Una notizia tremenda che nessun appassionato di basket avrebbe mai voluto sentire, se n’è andato in silenzio, come poche volte è riuscito a rimanere durante tutti i suoi 88 anni, William Felton Russell, detto Bill.
Una vita passata a combattere il razzismo in tutte le sue forme, prima con le parole, poi coi fatti. 88 anni intensi, vissuti prima da leggenda sul parquet, poi in prima linea per i diritti umani, civili e sociali del popolo nero.
Nato a Monroe, nel cuore della Louisiana, ma cresciuto e diventato uomo prima a San Francisco e poi nella città più bianca d’America, a Boston.
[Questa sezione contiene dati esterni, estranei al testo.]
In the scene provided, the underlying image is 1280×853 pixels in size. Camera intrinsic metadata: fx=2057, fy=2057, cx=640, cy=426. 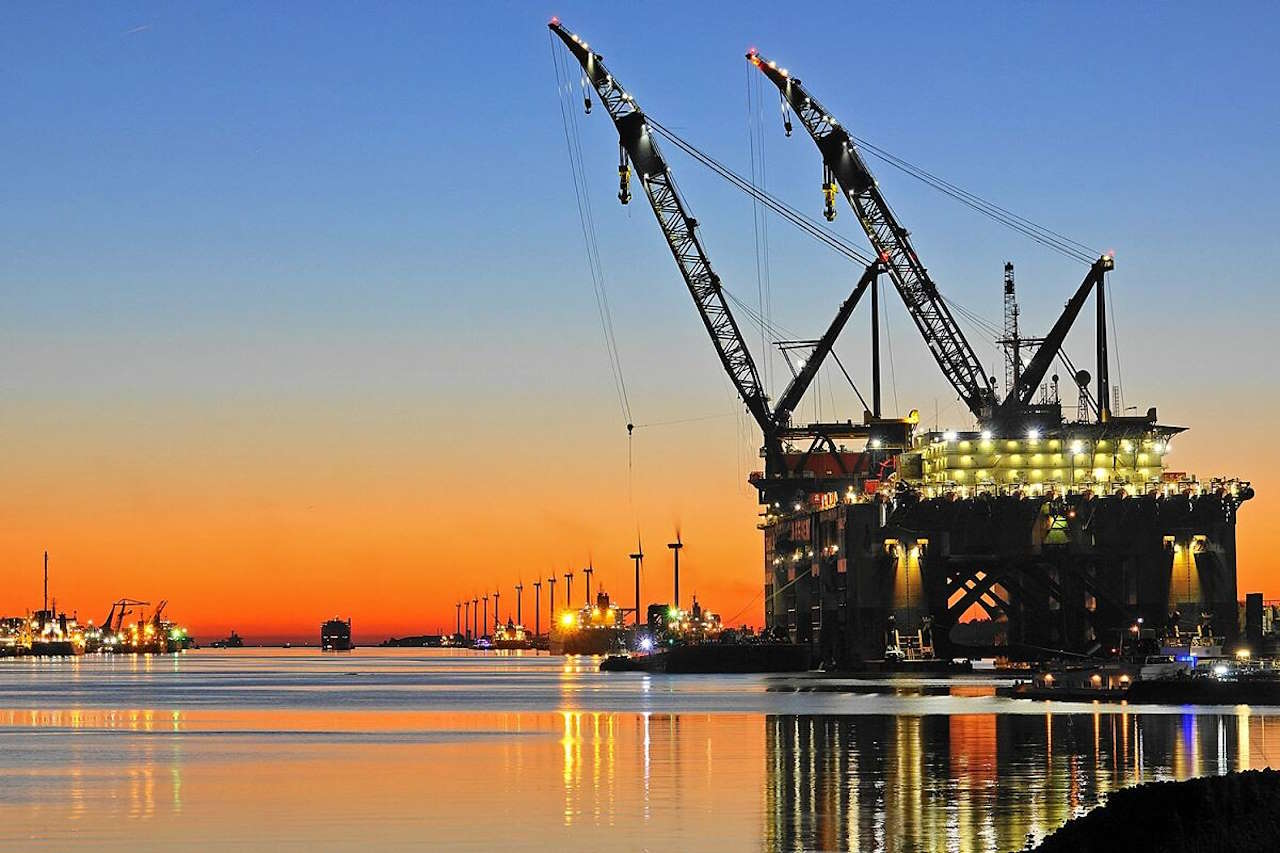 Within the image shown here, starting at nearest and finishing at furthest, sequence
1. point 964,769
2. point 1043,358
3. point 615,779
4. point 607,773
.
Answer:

Un uomo gigantesco in tutti i sensi, leggenda dello sport della palla a spicchi, il primo capace di dare al ruolo di centro una dimensione prettamente difensiva e, per certi versi, padre di tutti gli odierni rim protector (come Rudy Gobert, per dirne uno). Ma Bill Russell, che in tredici anni di carriera si è infilato UNDICI anelli, non vuole essere ricordato per le sue gesta sul parquet, bensì per il suo costante impegno sul fronte sociale. Bill rappresentava l’anello di congiunzione tra l’attivismo pacifico promosso da Martin Luther King e il movimento Black Power portato avanti da Malcolm X. Una vita passata a combattere per far sì che cadesse ogni barriera sociale che dividesse il mondo privilegiato dei bianchi e quello disgraziato di chi, sfortunatamente, era nato nero.
88 anni intensi, vissuti dal primo all’ultimo giorno prima nel terribile profondo sud, poi nella capitale della controcultura e poi nella città, a detta dei tifosi Laker, più razzista degli States.
Undici titoli, due campionati NCAA, 5 MVP, numeri impressionanti che però non ci dicono chi era realmente William Felton Russell, per tutti, semplicemente Bill.